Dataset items

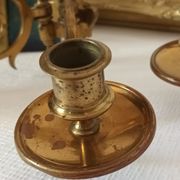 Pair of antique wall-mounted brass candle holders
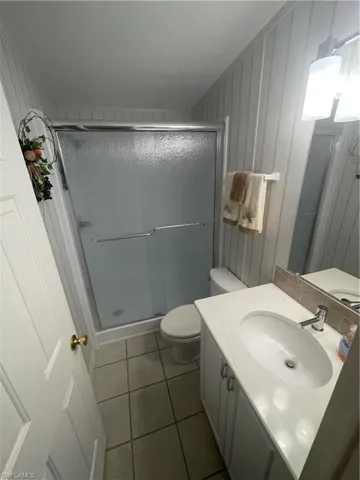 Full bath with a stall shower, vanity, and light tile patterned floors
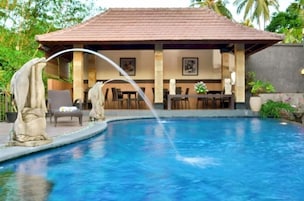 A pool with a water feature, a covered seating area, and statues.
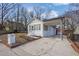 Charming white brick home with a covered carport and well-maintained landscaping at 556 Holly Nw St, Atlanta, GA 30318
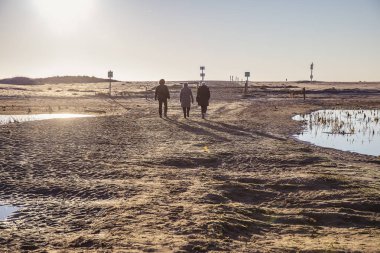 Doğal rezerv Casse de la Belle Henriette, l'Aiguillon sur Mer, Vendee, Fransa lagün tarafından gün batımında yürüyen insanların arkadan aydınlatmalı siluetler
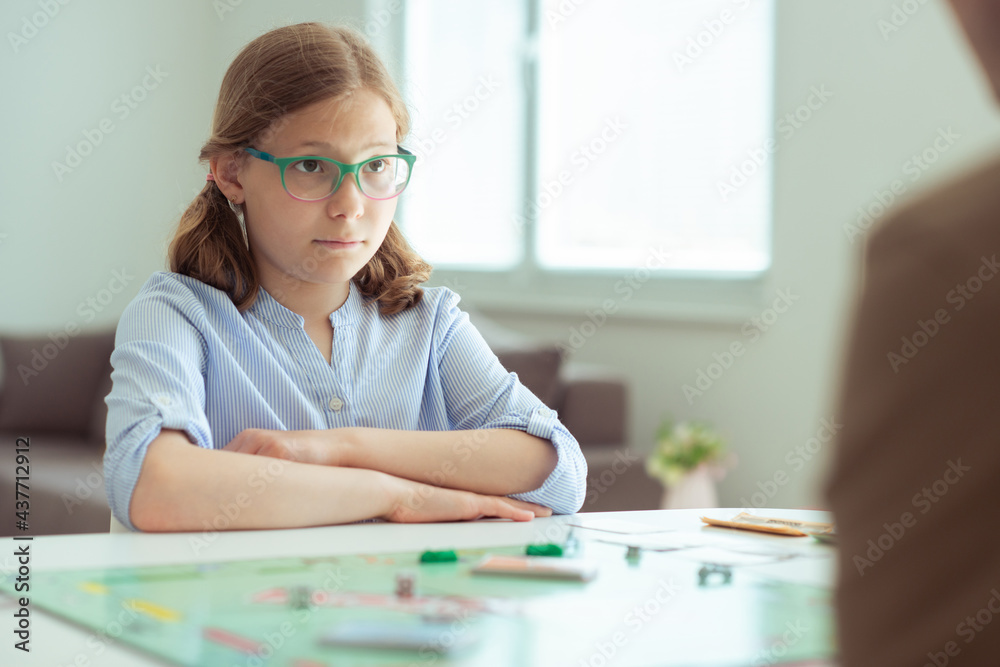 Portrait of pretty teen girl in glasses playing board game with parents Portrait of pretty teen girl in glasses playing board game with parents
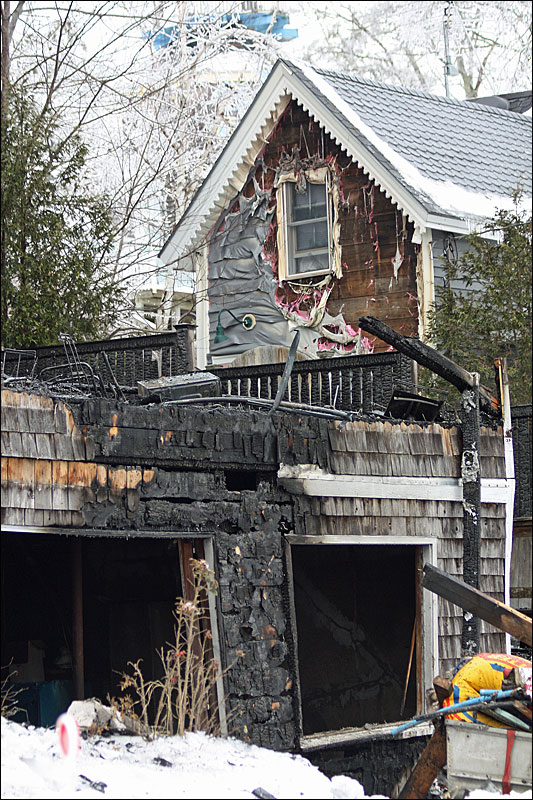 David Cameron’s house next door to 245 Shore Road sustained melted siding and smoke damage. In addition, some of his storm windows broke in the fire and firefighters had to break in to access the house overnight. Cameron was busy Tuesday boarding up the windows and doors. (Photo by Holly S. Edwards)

> What is required: Your answer should be the lines above, word for word, from the line with "Doğal rezerv Casse" through the line with "with parents Portrait", minus the pictures.

> Output for this exercise:
 Doğal rezerv Casse de la Belle Henriette, l'Aiguillon sur Mer, Vendee, Fransa lagün tarafından gün batımında yürüyen insanların arkadan aydınlatmalı siluetler
 Portrait of pretty teen girl in glasses playing board game with parents Portrait of pretty teen girl in glasses playing board game with parents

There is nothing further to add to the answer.